The complexity of electrochemical storage systems entails many chemical and physical degradation processes within the components and at their interfaces, intertwined across extended time and space scales.13,15 Different types of characterization and modelling tools must be applied to monitor and predict the state-of-charge (SoC) and state-of-health (SoH) of a battery over time.11,12,16 Advanced techniques at synchrotron X-ray or neutron sources are interesting to capture the dynamics of degradation across unprecedented time and spatial dimensions.17–20 Particularly, the possibility of characterizing relatively large devices in operando mode is unique. For instance, absorption-based radiography and tomography techniques are efficient to non-destructively visualize components and materials.21 In contrast, X-ray microdiffraction,22–24 X-ray diffraction computed tomography (XRDCT),25–27 and small/wide angle X-ray scattering computed tomography (SWAXS-CT)28,29 can spatially resolve structural properties at atomic and nanoscopic levels, directly inside the components.
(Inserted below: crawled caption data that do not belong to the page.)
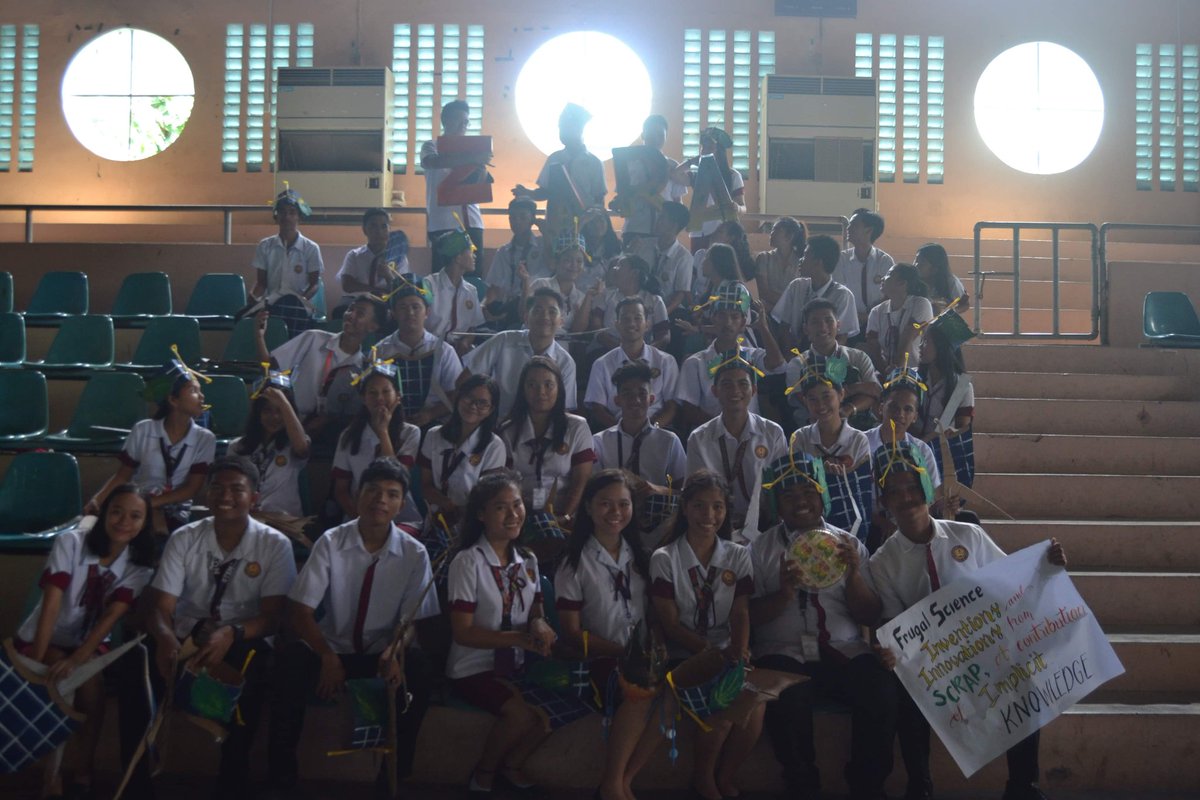 jah_laineee's tweet photo. Congratulations XII- G. ZARA πβ£οΈπ
#LakadAgham2019
#MostDisciplined
#ChampionSeniorHigh
#LNHSSTEMπ https://t.co/kvOLPVdc19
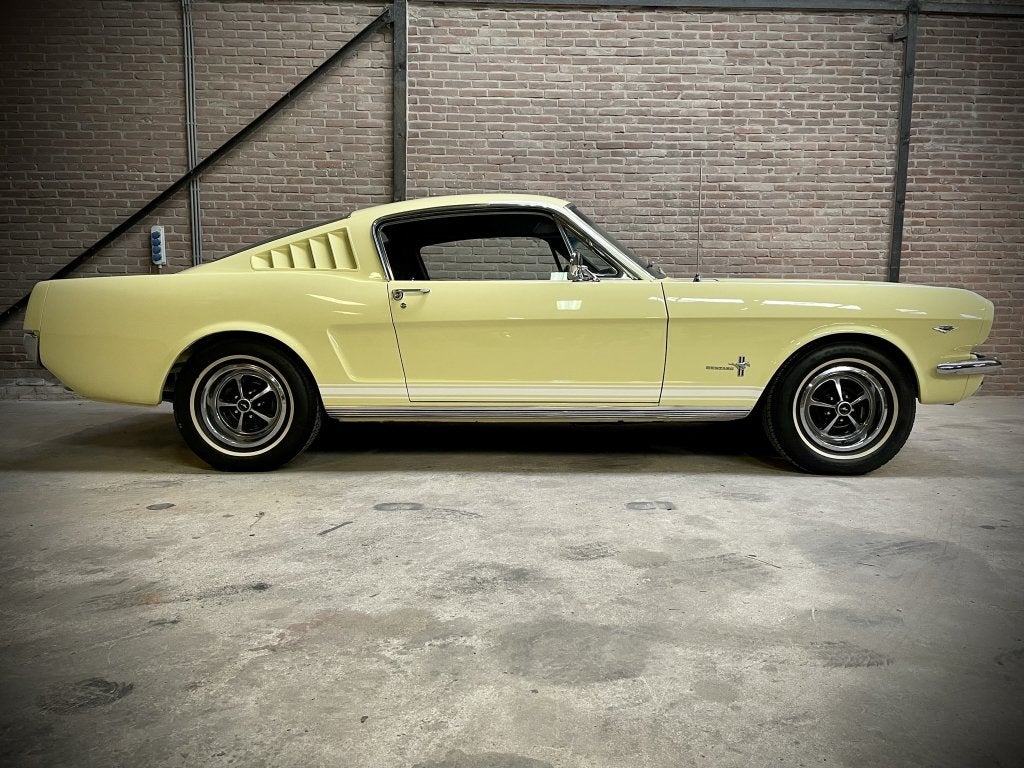 1966 Ford Mustang Fastback V8 GT-A code- Concours restored, Autos, Achat, Entreprise, Jaune, Autre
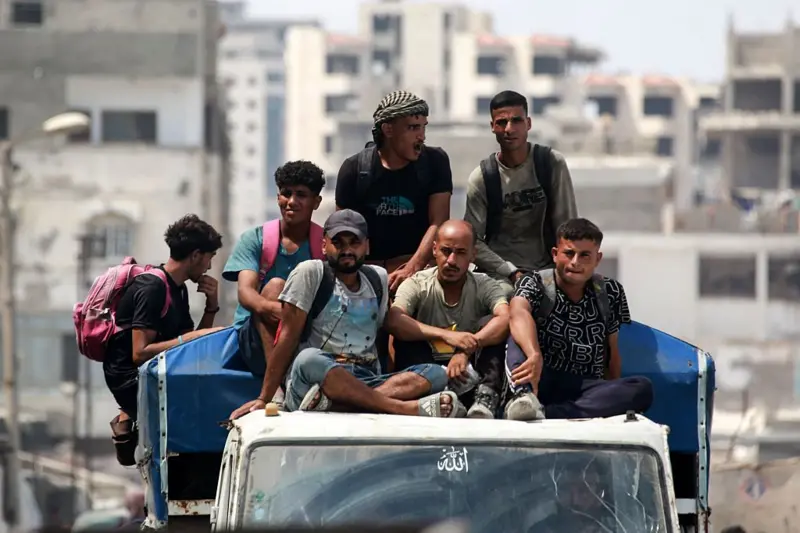 Hombres palestinos viajando a bordo de una camioneta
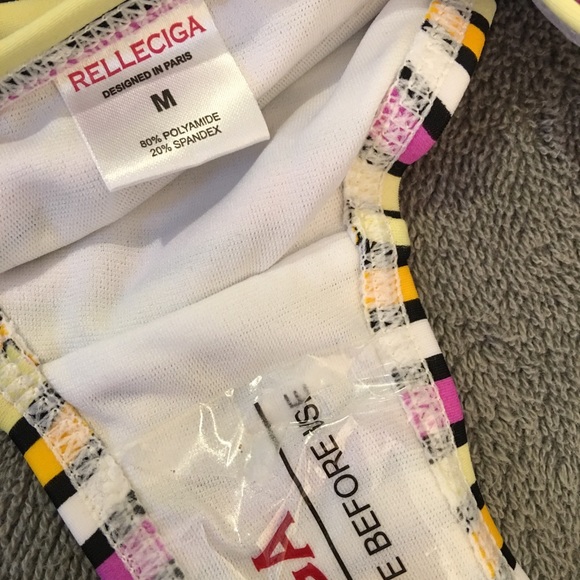 Relleciga • Striped Bikini - Picture 4 of 6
Using in situ X-ray microdiffraction, Finegan et al.23 were able to quantify the onset of lithium plating and stripping, while Heenan et al.25 were able to map the internal cell temperature at different charge rates with XRD-CT. These techniques have proven to be key to understand reaction mechanisms in conversion, intercalation, or alloying materials, where lithium loss, heterogeneities or thermomechanical aging may depend on chemistry, cell format and charging rates.

However, scale-bridging and results correlation remain a clear bottleneck towards a more holistic understanding of battery behavior.19,30 The diagnosis of a full commercial-grade battery must be empowered by methods that allow one to zoom into materials at ultimate scales, while providing a sufficiently large field of view to yield statistically relevant insights from the interior of a real working cell. Typically, this requires the coupling or combination of probes and techniques,12,20,27,31–36 and the analysis of full cells working in standardized, e.g. representative, electrochemical conditions.30 However, correlative battery characterization is still in its infancy, with one major challenge being to correlate heterogeneous datasets and produce sharable knowledge for evaluating commercial-grade devices and seek for microscopic scale real-world performance indicators.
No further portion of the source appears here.